Problem description:
Repeat the whole listing below precisely. Omit all pictures.

Collected material:
+ + + + + + +

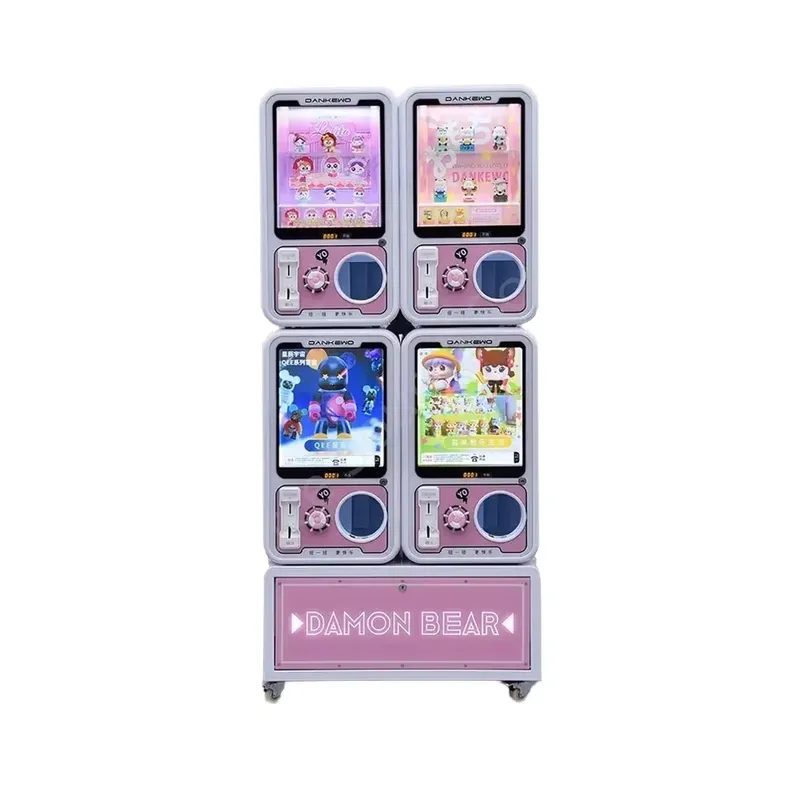 Arcade Toy Vending Machine - เครื่องจำหน่ายของเล่นแคปซูลมินิแกชา ผู้ผลิตดั้งเดิม รับผลิตตามสั่ง อุปกรณ์เกมอาร์เคดลูกบอลบิดสำหรับเด็ก
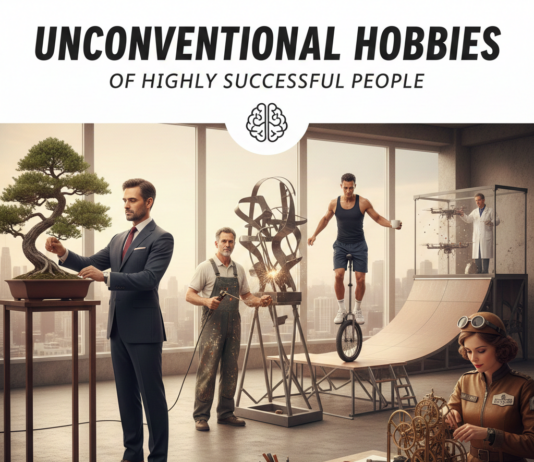The Unconventional Hobbies of Highly Successful People generate image for Unconventional Hobbies of Highly Successful People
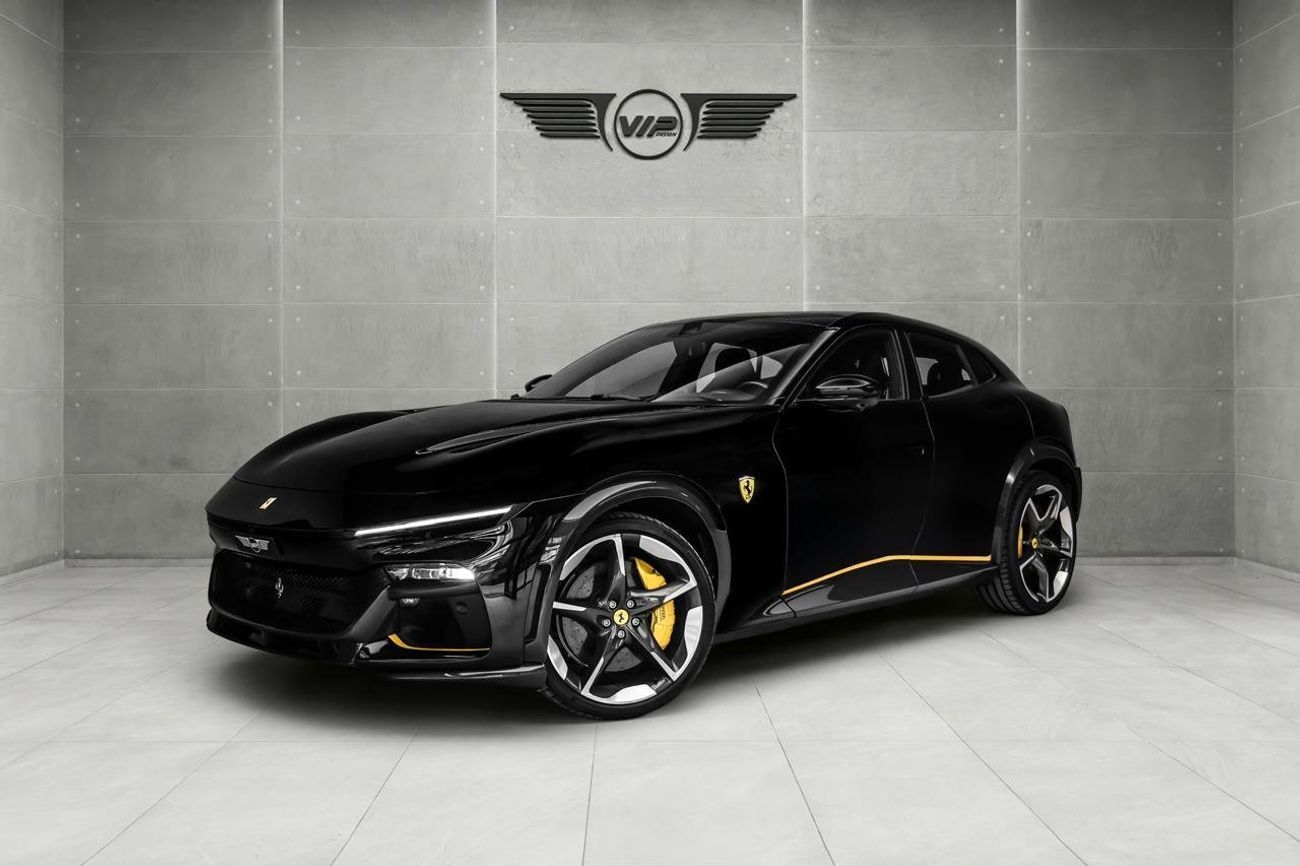 Ferrari Purosangue 2025 | Brand New | GCC Specs | Full Options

+ + + + + + +

Answer area:
 Arcade Toy Vending Machine - เครื่องจำหน่ายของเล่นแคปซูลมินิแกชา ผู้ผลิตดั้งเดิม รับผลิตตามสั่ง อุปกรณ์เกมอาร์เคดลูกบอลบิดสำหรับเด็ก
The Unconventional Hobbies of Highly Successful People generate image for Unconventional Hobbies of Highly Successful People
 Ferrari Purosangue 2025 | Brand New | GCC Specs | Full Options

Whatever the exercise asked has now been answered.